Now onto the review of the actual film; it’s pretty great. It captures a lot of what made the original films fantastic. It isn’t as good as the Fellowship of the Rings, or the Return of the King but it does outshine the Two Towers. I’ll list my two issues before I devolve into the positive ranting Tolkien nut I am. First the story is a lot less Bilbo centric then in the book. They did this so it is more in keeping with the tone of the Lord of the Rings films. It’s not really a bad thing just different then the book. Secondly the writers added a nemesis for Thorin, the leader of the dwarves. He is called Azog and he is a character I always found interesting when I read about him but he seems unneeded in the story of the Hobbit. I’m assuming he has been added so that Thorin will have a person to combat in the final battle of the third film.
Now beyond those two issues I of course loved the film. The closer to the book the film kept things the better it was for the most part, although the scene with the White Council where Galadriel and Saruman make cameo appearances was a fun little addition along with the scenes with Radagast in Dol Guldor. The best part of this film was the depth added to Thorin Oakenshield’s character. You really feel for him as he tries to hold his rag tag group together and give them back a home that they had lost. The opening scene with Elijah Wood and Ian Holmes is a perfect way to tie this film into the Lord of the Rings as it occurs chronologically directly before the Lord of the Rings starts. Oh and the film looked great in 48 frames per second. It takes a few minutes to adjust to but the large geographic vistas are wonderful in it.

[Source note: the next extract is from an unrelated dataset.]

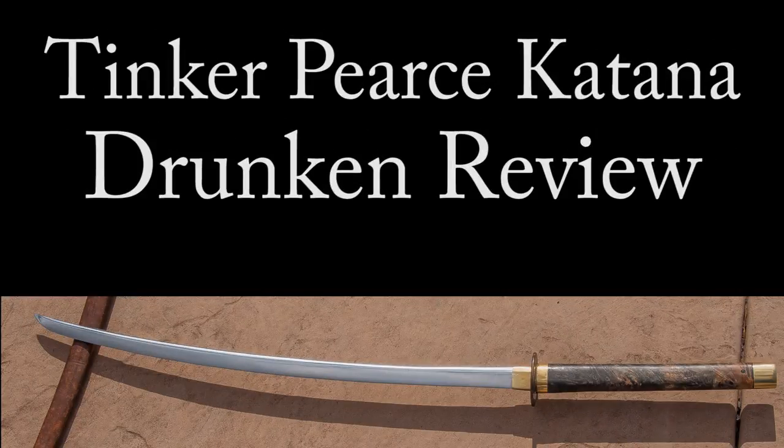Hello, my friends. This is going to be a review of the Michael Tinker PRC katana. Damn it, I can't read PRC katana. God, I suck.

The second best part of the film for me was Howard Shore’s score. The Dwarves theme is heroic and melancholy just like they are. There are various themes rehashed from the Lord of the Rings with subtle twists. The best example of this is the quiet version of Mordor’s theme which plays when the Necromancer is mentioned during the meeting of the White Council. I loved the inclusion of the various songs from the book such as “Chip the Glasses”, and “Goblin Town”. There is also a neat appearance by the Weathertop location when Azog camps there. The best scene in the film was probably the riddles in the dark scene in which Gollum and Bilbo engage in a riddling contest to decide whether or not Bilbo would be eaten by Gollum. Surprisingly all the scenes in which Tolkien’s dialogue were kept mostly intact was fantastic. It speaks to his skill as a writer that what he wrote decades ago still translates so well to the modern era. Finally I find it really great that the town of Dale looks so stylistically different from anything in any of the locations from the past three films. Ok I’ll stop ranting…wait…I forgot Martin Freeman is as perfect a Bilbo as I always thought he would be! Oh and the ending…so fantastic and emotional…ok now I’m definitely done…go see it!